"Não me refiro aos monitores da molecada, que acordam às três horas da manhã já com um pique tamanho que só faltam fazer 160 abdominais e 210 flexões de braço enquanto constroem uma casa na árvore; nem àquele amigo do seu amigo que não tinha barraca, e você mui misericordiosamente abriu um espaço para ele na sua, mas o sujeito ronca, baba e tem chulé; ou àquele cara que acha que manja tudo de vida no campo, leva uma churrasqueira jumbo, empesteia o ar com a fumaça de lingüiça e deixa garrafas pet vazias pelo caminho.
O verdadeiro carrasco do acampamento é uma pessoa que, por trás das aparentes boas intenções para com seus semelhantes, guarda uma malvadeza, uma crueldade, um sadismo sem parâmetros.
Mas ao contrário do carrasco da firma, figura diabólica que já conhecemos e que tem como campo de atuação tão somente a firma em si, o carrasco do acampamento não precisa necessariamente estar em um acampamento. Ele pode estar na praia, na serra, no sítio, na quadra do colégio, no churrasco de domingo e no aniversário de sua prima. E o pior: ele pode estar ao seu lado sem que você sequer desconfie.
Você bem que estranhou aquele incauto chegando com uma mala grande, pensou “nossa, o que será que ele carrega?”, mas deixou para lá. Afinal, não é da sua conta, certo? Errado. Pois a coisa começa a ser da sua conta quando o carrasco do acampamento (ou da praia, ou do sítio, ou do churrasco) finalmente revela sua verdadeira e terrível identidade.
Sim. O moço do violão.
E então antes que você consiga gritar “salvem-se todos!” e sair em disparada, o moço do violão saca de seu instrumento, senta-se se pernas cruzadas na relva, dá uma afinada (rápida, porque o violão meio desafinado faz parte do plano maligno), fecha os olhinhos, suspira profundamente, faz uma pausa estratégica e começa, a plenos pulmões... “É preciso amaaaaaaar as pessoas como se não houvesse amanhãããããã/ porque se você paraaaaaaar pra pensar/ na verdade não háááááá”. Daí você sabe que está condenado o resto do evento, do passeio ou da viagem, a ouvir grandes clássicos da música interpretados por um cidadão que parece ter acabado de comprar uma daquelas revistinhas “Aprenda a tocar violão”, com o Belchior na capa.
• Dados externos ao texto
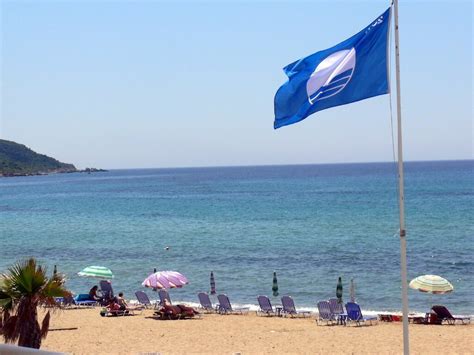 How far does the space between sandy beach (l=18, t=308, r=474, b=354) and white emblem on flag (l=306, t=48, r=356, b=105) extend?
708cm

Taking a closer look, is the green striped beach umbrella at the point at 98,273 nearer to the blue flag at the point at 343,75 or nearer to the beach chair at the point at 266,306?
the beach chair at the point at 266,306

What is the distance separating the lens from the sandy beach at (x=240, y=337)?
1511cm

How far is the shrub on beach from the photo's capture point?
36.0ft

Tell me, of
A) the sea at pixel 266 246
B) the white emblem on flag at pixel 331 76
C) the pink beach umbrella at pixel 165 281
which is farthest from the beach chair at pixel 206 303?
the white emblem on flag at pixel 331 76

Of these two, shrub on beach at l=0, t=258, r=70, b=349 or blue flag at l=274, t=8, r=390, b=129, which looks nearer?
blue flag at l=274, t=8, r=390, b=129

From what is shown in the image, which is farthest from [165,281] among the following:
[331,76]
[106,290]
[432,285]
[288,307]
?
[331,76]

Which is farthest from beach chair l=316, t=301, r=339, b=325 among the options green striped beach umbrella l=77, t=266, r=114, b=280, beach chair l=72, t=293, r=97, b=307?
beach chair l=72, t=293, r=97, b=307

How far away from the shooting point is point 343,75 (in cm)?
896

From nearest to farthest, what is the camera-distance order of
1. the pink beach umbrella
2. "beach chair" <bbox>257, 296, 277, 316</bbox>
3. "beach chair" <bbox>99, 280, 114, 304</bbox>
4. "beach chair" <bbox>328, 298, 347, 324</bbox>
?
"beach chair" <bbox>328, 298, 347, 324</bbox> → the pink beach umbrella → "beach chair" <bbox>257, 296, 277, 316</bbox> → "beach chair" <bbox>99, 280, 114, 304</bbox>

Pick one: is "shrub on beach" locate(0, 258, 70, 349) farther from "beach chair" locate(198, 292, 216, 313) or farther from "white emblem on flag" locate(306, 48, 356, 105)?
"beach chair" locate(198, 292, 216, 313)

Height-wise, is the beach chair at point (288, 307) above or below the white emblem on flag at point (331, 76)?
below

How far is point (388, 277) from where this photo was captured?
29.5 meters

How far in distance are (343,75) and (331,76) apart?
0.47 feet

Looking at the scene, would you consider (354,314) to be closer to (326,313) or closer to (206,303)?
(326,313) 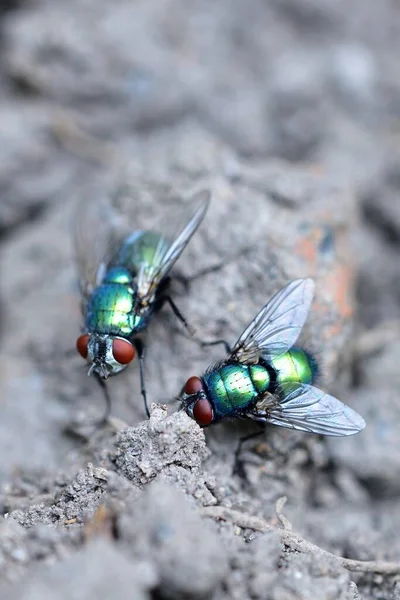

Por que você está condenado? Porque as pessoas que foram com você – e que ou dependem de sua carona, ou você depende da carona delas – estão agora todos em volta do moço do violão, como as vaquinhas e carneirinhos do presépio ao redor do Menino Jesus. Tal qual o flautista de Hamelin, aquele cuja melodia hipnotizava e atraía os ratos, o moço do violão hipnotiza e atrai diversos ouvintes.
E eles acabam ficando tão cúmplices que, como se não bastasse apenas um cantando mal, de repente são quinze cantando mal. Em coro. Tipo no fatídico momento de “Andança”. Enquanto o moço do violão entoa o refrão, o povo em volta faz o backing-vocal “Amoooor/ Amooooooor/ Me leva amooooor”. E finalmente, todos unidos: “Por onde for quero ser seu paaaaaaaaaaar”.
Você alcança a cerveja mais próxima porque decide que sóbrio não vai dar para agüentar a empreitada. E quase tem ganas de atirar a latinha de alumínio vazia na cabeça do infeliz que grita, lá do meio, “Toca Rauuuuul!”. O moço do violão, fingindo ser uma alma caridosa, atende: “Eu sou a luz das estrelas/ Eu sou a cor do luar/ Eu sou as coisas da vida/ Eu sou o medo de amaaaaar”.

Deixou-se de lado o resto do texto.